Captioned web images
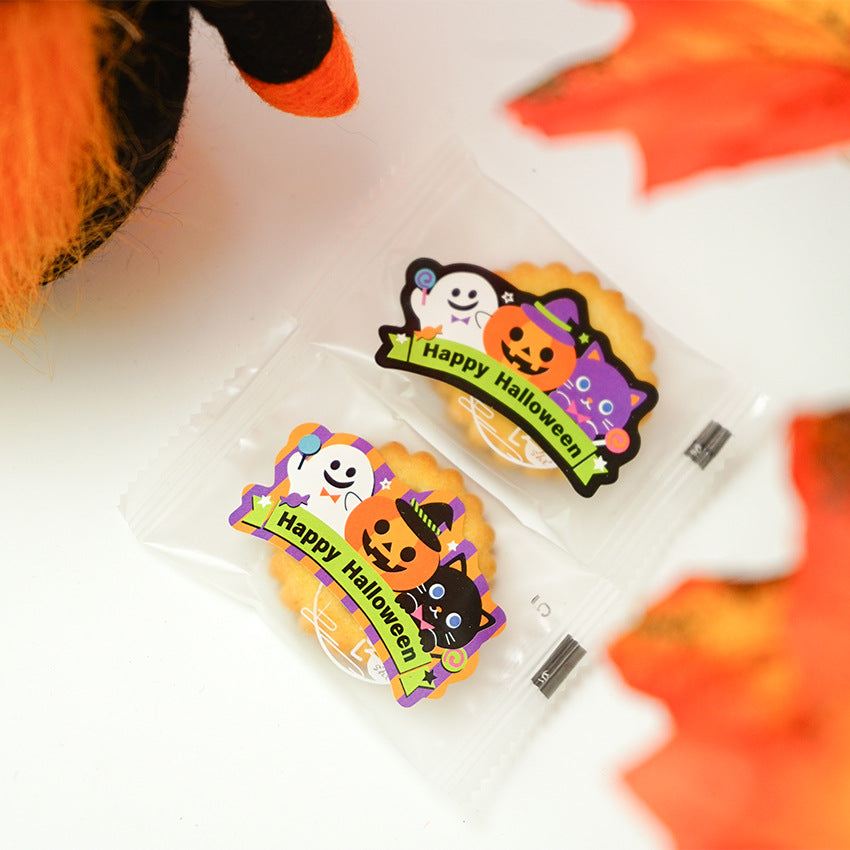Two packaged cookies with "Happy Halloween" stickers featuring a ghost, pumpkin, and black cat. The cookies are surrounded by Halloween-themed decorations, including an orange and black plush and autumn leaves, creating a festive seasonal atmosphere against a white background.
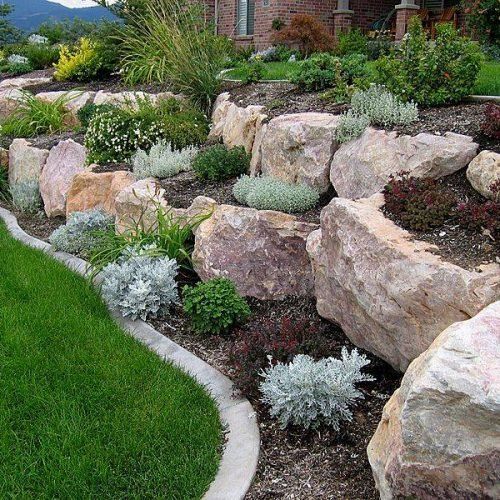 a large rock garden in front of a house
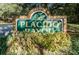 Welcoming community entrance sign with brick and lush greenery, inviting residents and guests to Placido Bayou at 5290 White Sand Ne Cir, St Petersburg, FL 33703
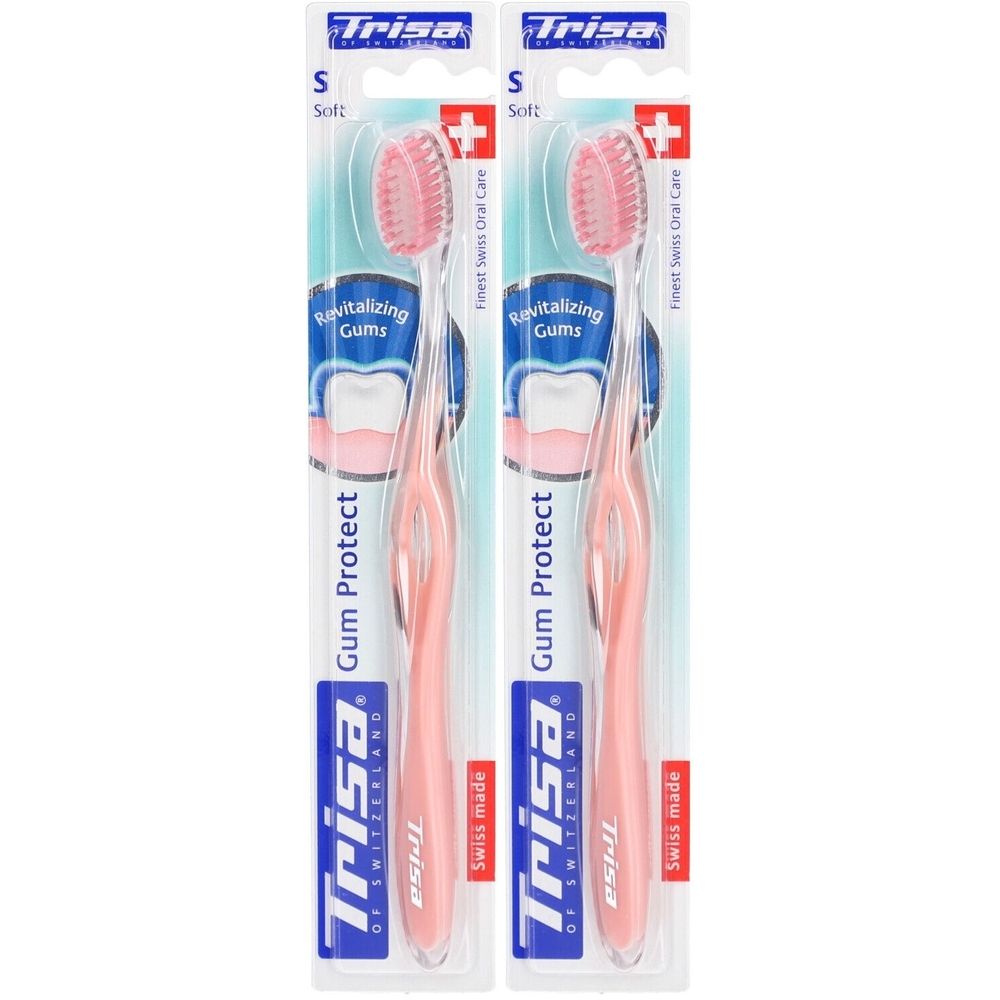 Deux brosses à dents emballées. Soies et manche roses. Inscription : Trisa Gum Protect, Swiss made.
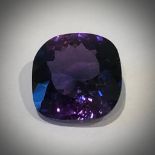 A 20ct Montana Deep-Purple Sapphire. Cushion cut with no visible marks or inclusions. 16 x 16 x 8mm.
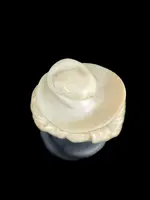 Small ivory sculpture depicting a beggar. Netherlands.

TASK GOAL —
Starting where a line contains "Deux brosses à" and finishing at the last line above, set down every line exactly as it reads, with no pictures.

RESPONSE TO THIS EXERCISE —
 Deux brosses à dents emballées. Soies et manche roses. Inscription : Trisa Gum Protect, Swiss made.
 A 20ct Montana Deep-Purple Sapphire. Cushion cut with no visible marks or inclusions. 16 x 16 x 8mm.
 Small ivory sculpture depicting a beggar. Netherlands.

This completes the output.